INSTRUCTIONS FOR THE TASK: Leave the images aside and repeat the whole listing exactly.

RAW DATA:
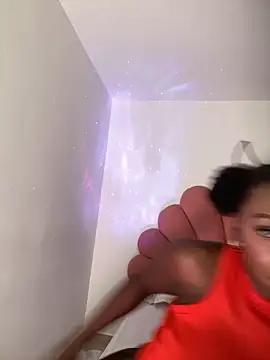 Snapshot of alissradiante1 chatting on 10.30.25 alissradiante1 online show from 10.30.25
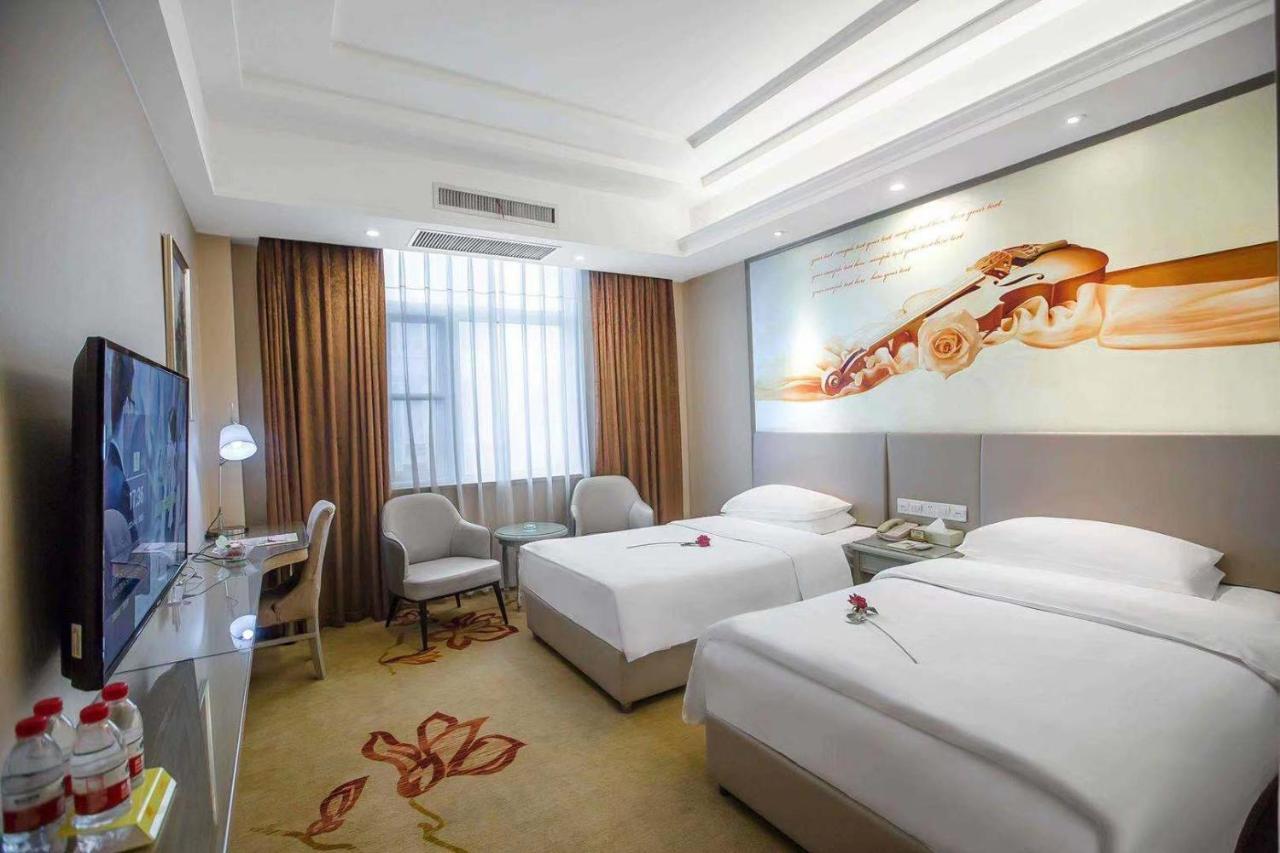 Vienna Hotel Nanyang People Road ภายนอก รูปภาพ
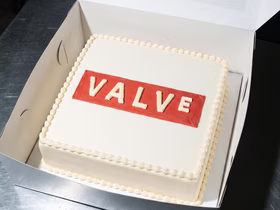 Торт с логотипом Valve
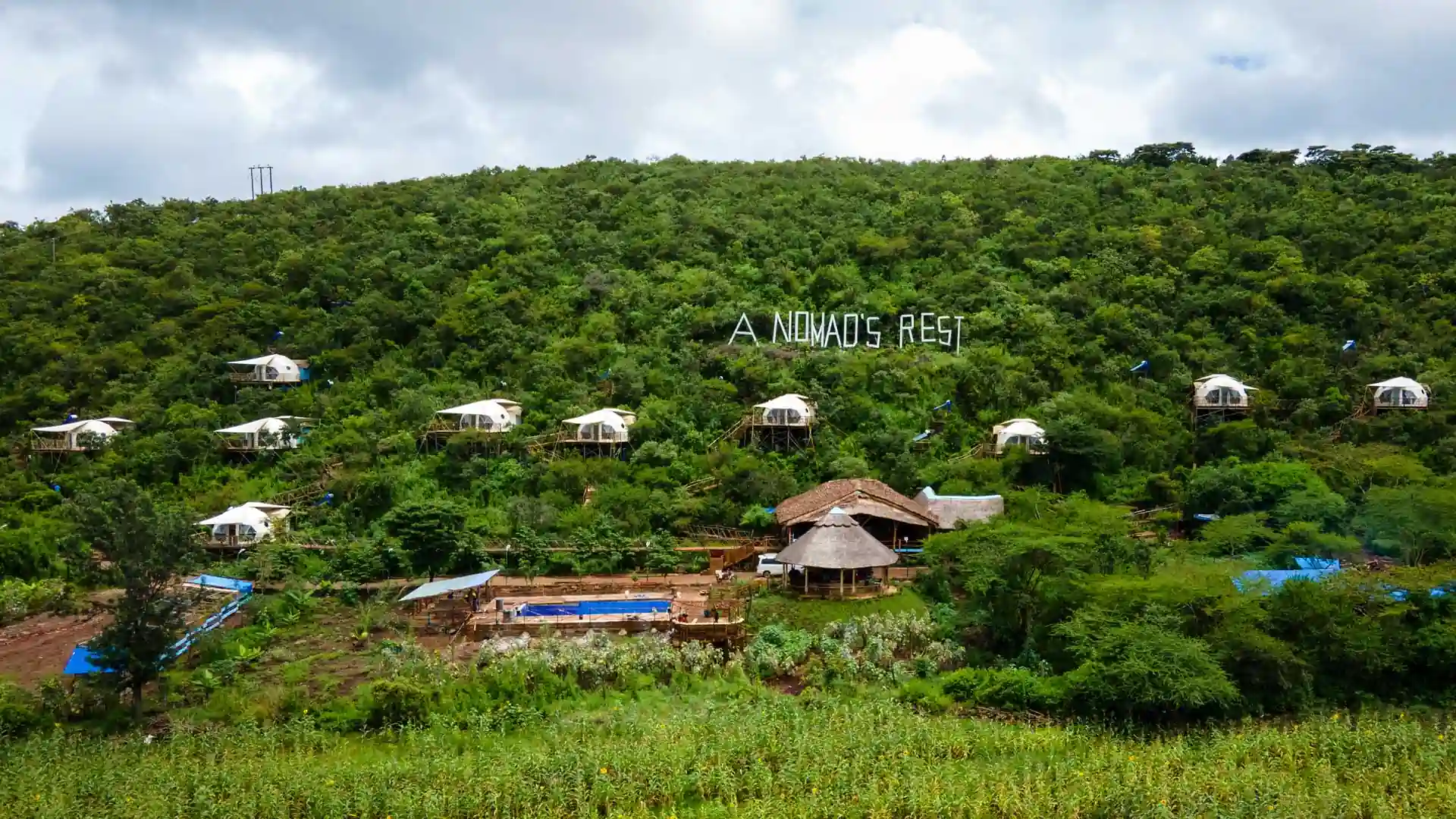 nomads-rest-lodge-tanzania-01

WRITTEN RESPONSE:
 Snapshot of alissradiante1 chatting on 10.30.25 alissradiante1 online show from 10.30.25
 Vienna Hotel Nanyang People Road ภายนอก รูปภาพ
 Торт с логотипом Valve
 nomads-rest-lodge-tanzania-01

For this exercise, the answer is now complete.